Rien à voir. Beaucoup d'hommes qui
ont gardé pour toujours la nostalgie du
dévouement maternel à leur égard - geste par essence
gratuit et permanent - n'échappent pas à la tentation d'en retrouver le pâle reflet rétribué, chez leur femme ou encore chez leur fille, à défaut, et s'ils en ont une...
- Ah ça, j'en suis dispensé alors, vu que j'en ai pas...
Dommage.
- Et ils
reportent sur la seconde ce qui ne marche pas (ou plus) avec la première... Renonçant à attendre en vain des soins ou des plaisirs spontanés de la part de celle-ci, car toute chose a une fin, ils se
prennent alors au goût des "attentions"
tarifées, et, mine de rien, comme si
ce n'était qu'un jeu anodin, le piège ainsi se referme sur chacun.
J'ai vu
un homme payer 30F pour qu'on lui tienne la main pendant l'heure de sa
sieste...
- Ah ah!
Qui ça ? Qui ça ? Dis-moi... Qui c'est ce radin ?...
- Oh, tu
sais très bien... Un autre, monnayer
50 balles pour qu'on l'accompagne faire quelques pas au bois...
- Ah!

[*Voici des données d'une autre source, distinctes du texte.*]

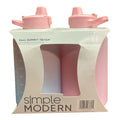 Simple Modern 64-oz Tritan Plastic Summit With Simple Flip Straw Lid 2 Pack (Sweet Taffy and Blush) - P5LY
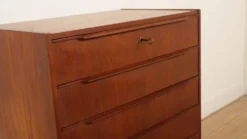 Commode danoise vintage | Teck | 6 tiroirs | 100 cm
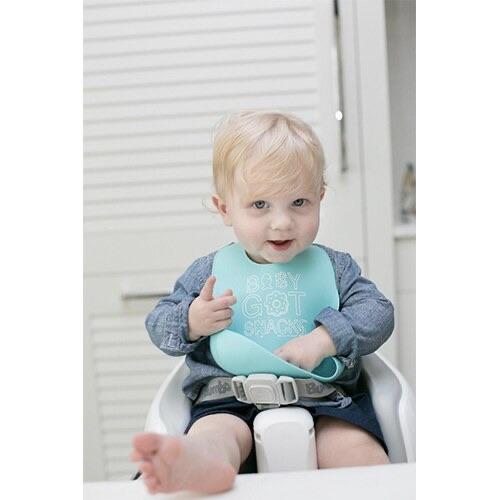 Baby Got Snacks Silicone Wonder Bib-Bibs-Bella Tunno-bluebird baby & kids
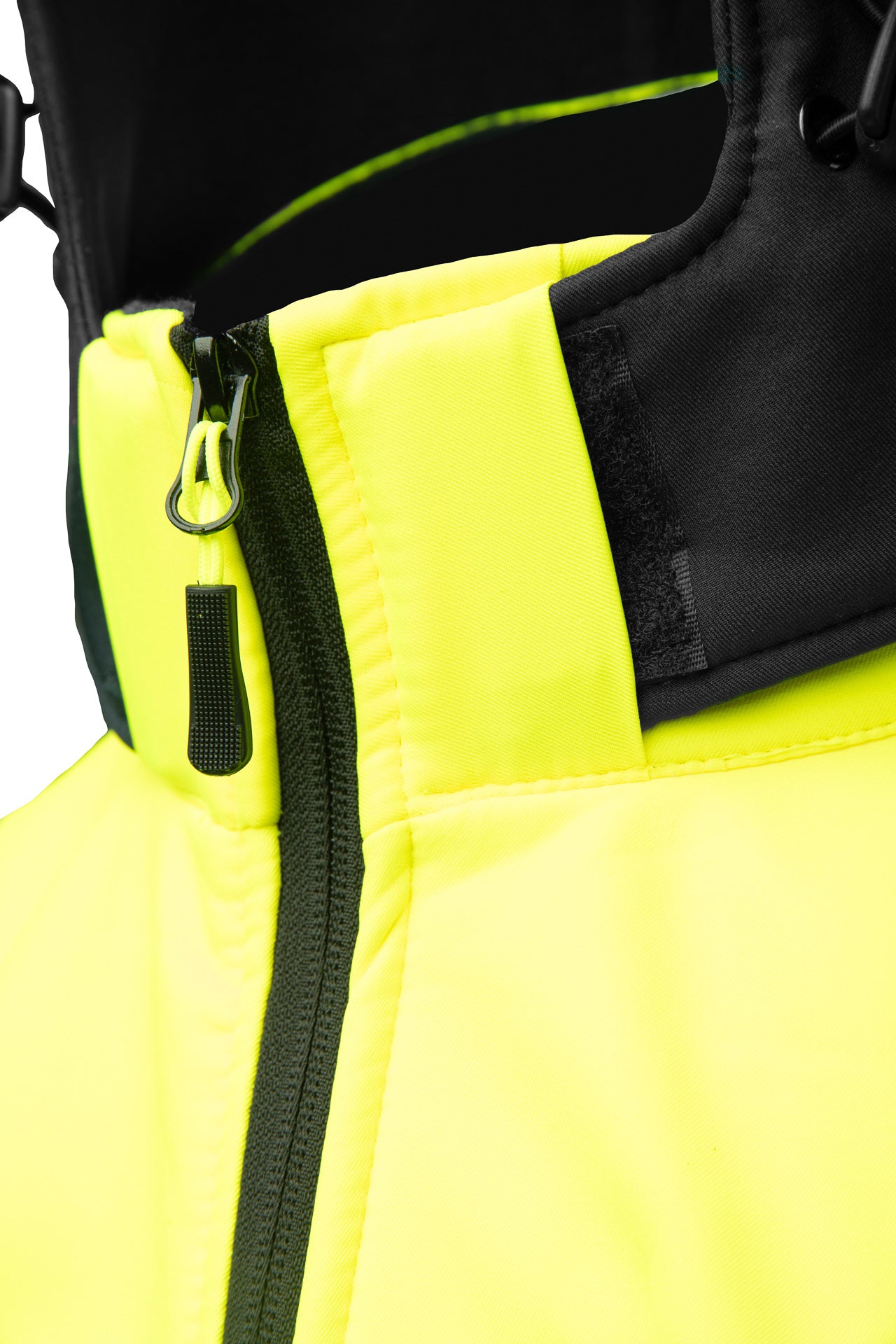 High-Visibility Softshell Werkjas Marineblauw met Reflecterende Strepen – Klasse 2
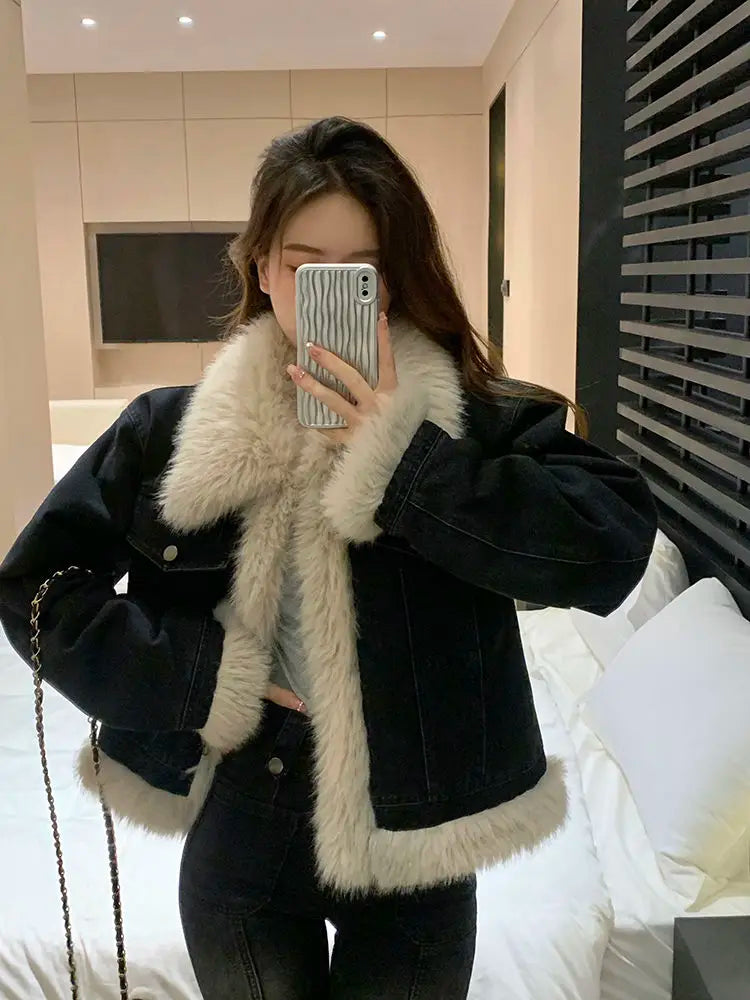 Frost Edgy Cropped Y2k Jacket Shoptery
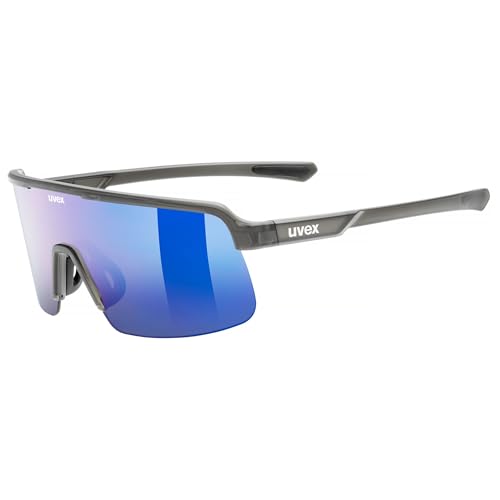uvex dyrt - Sportbrille für Damen und Herren - großes Sichtfeld - 100{319e2e2db74df5c9c3966c88ed935b9c24ffded7f37e628a89db65b9cd71ec0e} UVA-, B, C Schutz - mirror - smoke gray matt/blue mirror - one size uvex dyrt - Sportbrille für Damen und Herren - großes Sichtfeld - 100{319e2e2db74df5c9c3966c88ed935b9c24ffded7f37e628a89db65b9cd71ec0e} UVA-, B, C Schutz - mirror - smoke gray matt/blue mirror - one size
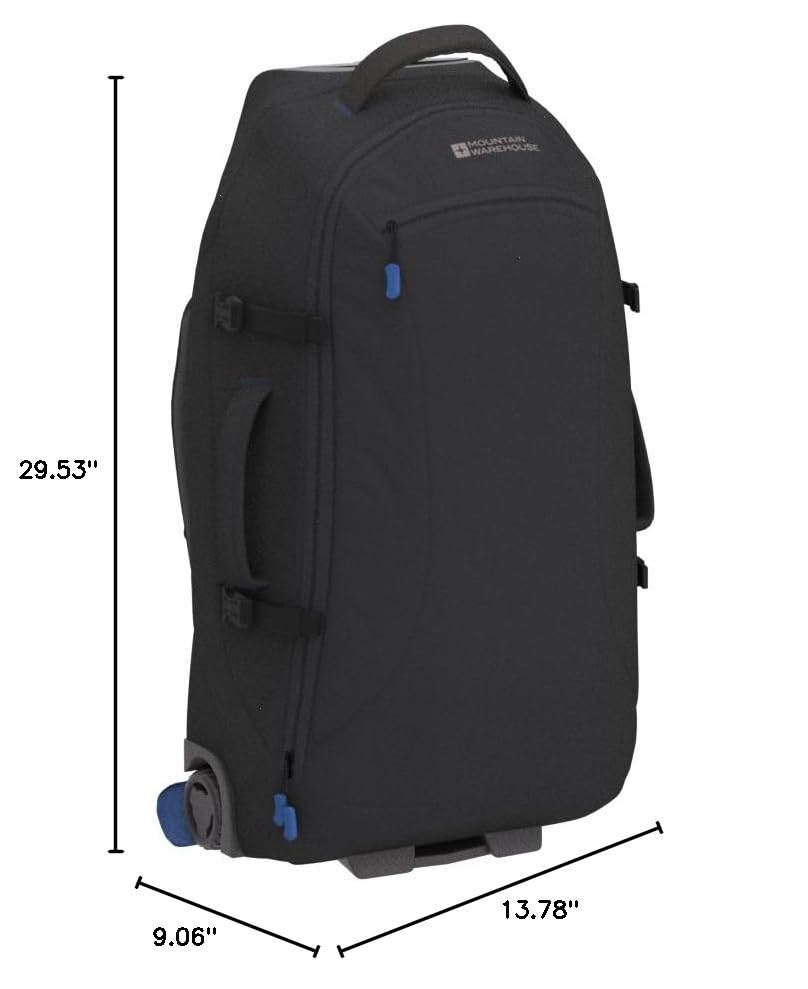 Mountain Warehouse Voyager 50L Wheeled Backpack - Durable Travel Backpack with Wheels for Hiking, Camping & Airplane Carry-On Luggage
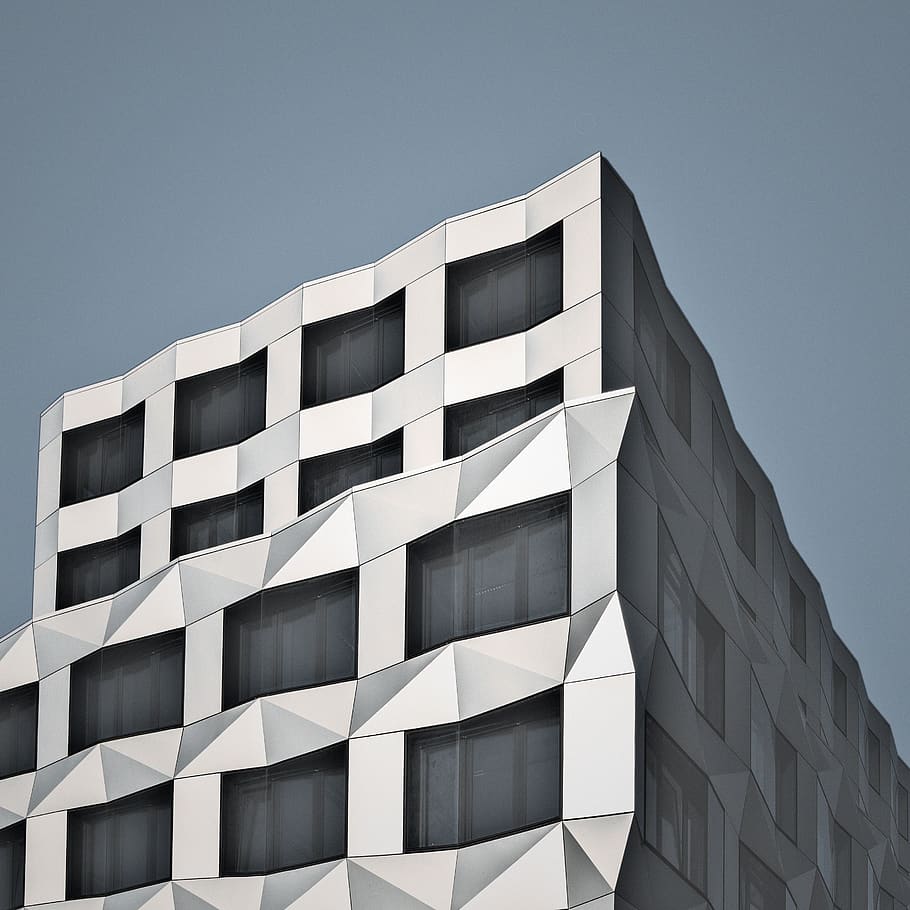gray high-rise building artwork, high rise, apartment building HD wallpaper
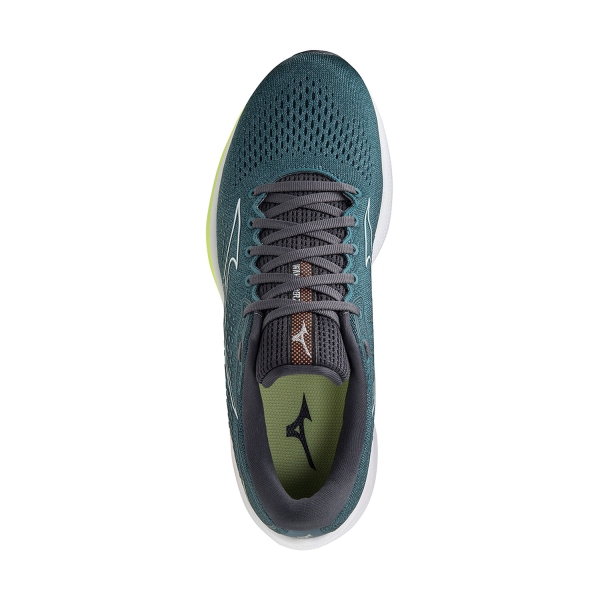 Mizuno Wave Rider 25 - Smoke Blue/White/Neo Lime
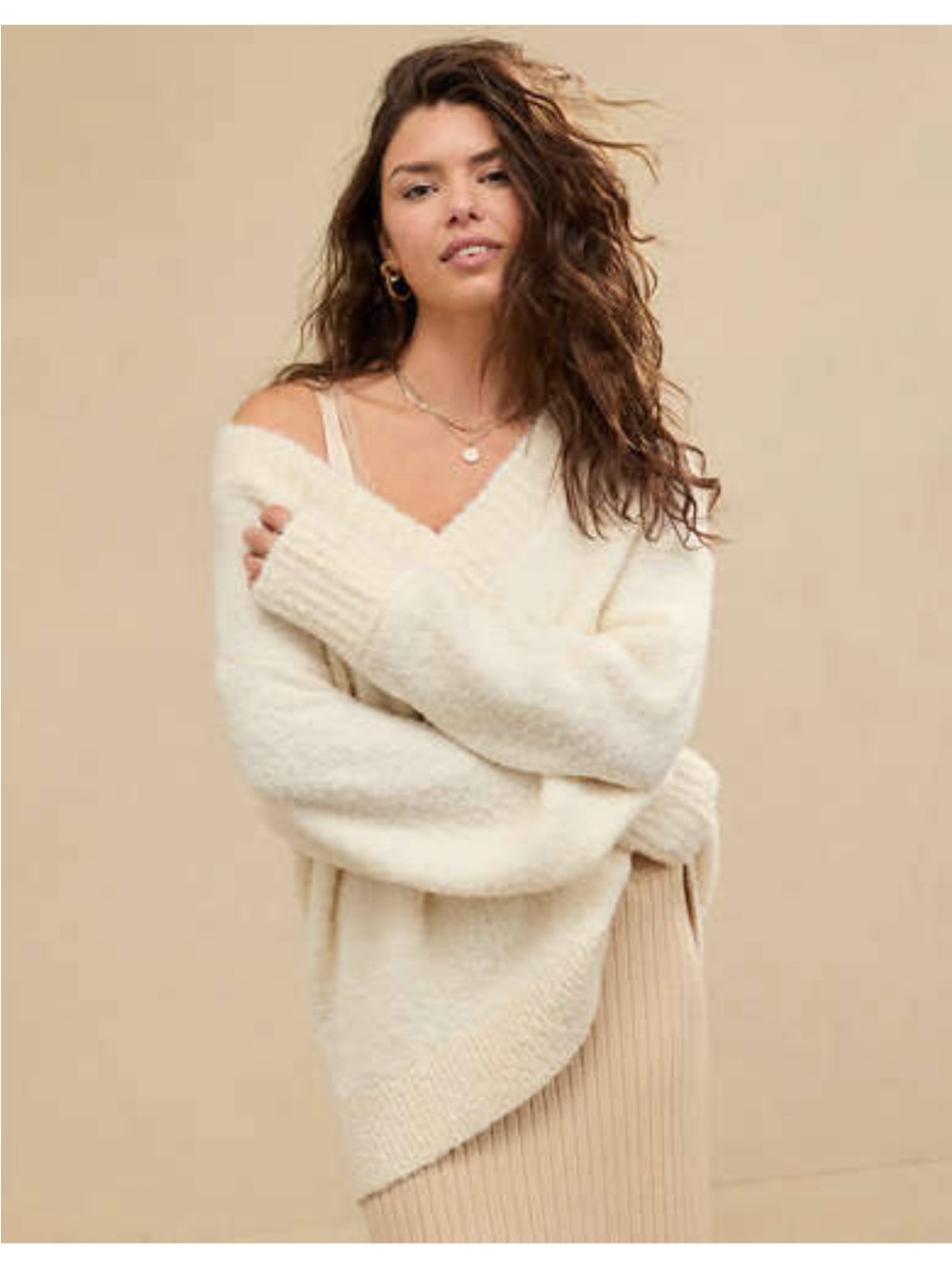 Aerie Teddy Boucle Sweater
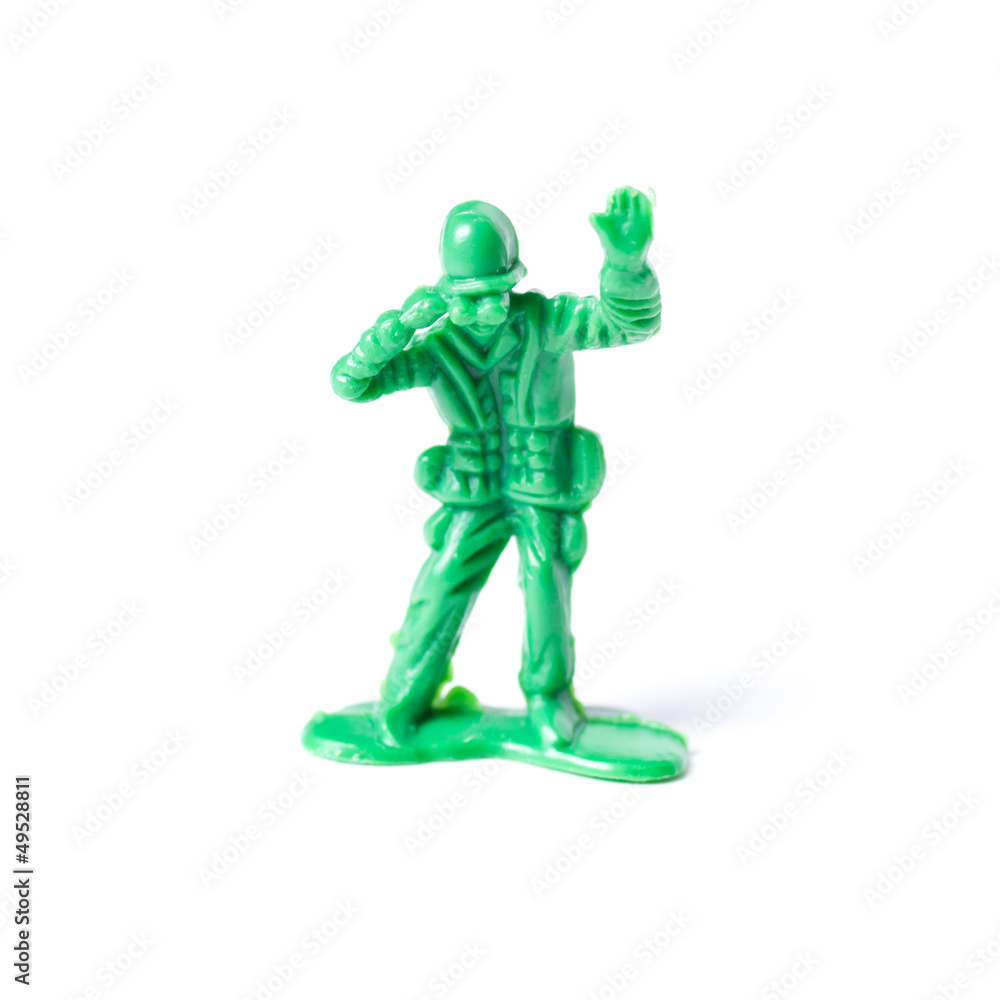 close up of toy soldier - isolated close up of toy soldier - isolated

Ça, c'est moi ! Je me reconnais !
- Oui, et
ce même encore réclamer aussi un baiser pour 100F... 200, si on convient
d'aller plus loin...
- Oh là là... tu ne sais vraiment pas
t'amuser, dis-donc...
- Non
mais, enfin, qu'est-ce que ça veut dire tout ça ? Est-ce que c'est meilleur quand on paye ?
- Ah pas
du tout, mais vois-tu, si on ne paye pas, rien ne vient... On peut toujours attendre.
- Sans
doute, mais surtout je crois que c'est le plaisir de dire les mots de ce troc, plutôt que le troc lui-même, qui vous plaît. Et il faut en plus se méfier
: si l'on ne vous rappelle pas, "plus tard", les modalités de l'échange (l'argent), même la pauvre petite somme dérisoire mise en jeu..., le plus souvent elle ne vient pas... Vous n'y pensez plus, passé le délicieux moment du marchandage,
et la satisfaction obtenue...
- Faux!
Je m'insurge ! Moi, je ne sais pas si tu as remarqué, je paye toujours avant.